EXERCISE OBJECTIVE:
Each line of the data below must be given again exactly as written.
----- COLLECTED MATERIAL
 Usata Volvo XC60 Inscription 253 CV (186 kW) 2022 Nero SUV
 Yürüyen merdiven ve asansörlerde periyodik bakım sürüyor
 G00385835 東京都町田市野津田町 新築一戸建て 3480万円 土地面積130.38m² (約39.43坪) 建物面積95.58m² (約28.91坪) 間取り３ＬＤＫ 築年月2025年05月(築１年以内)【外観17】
----------
ANSWER SECTION:
 Usata Volvo XC60 Inscription 253 CV (186 kW) 2022 Nero SUV
 Yürüyen merdiven ve asansörlerde periyodik bakım sürüyor
 G00385835 東京都町田市野津田町 新築一戸建て 3480万円 土地面積130.38m² (約39.43坪) 建物面積95.58m² (約28.91坪) 間取り３ＬＤＫ 築年月2025年05月(築１年以内)【外観17】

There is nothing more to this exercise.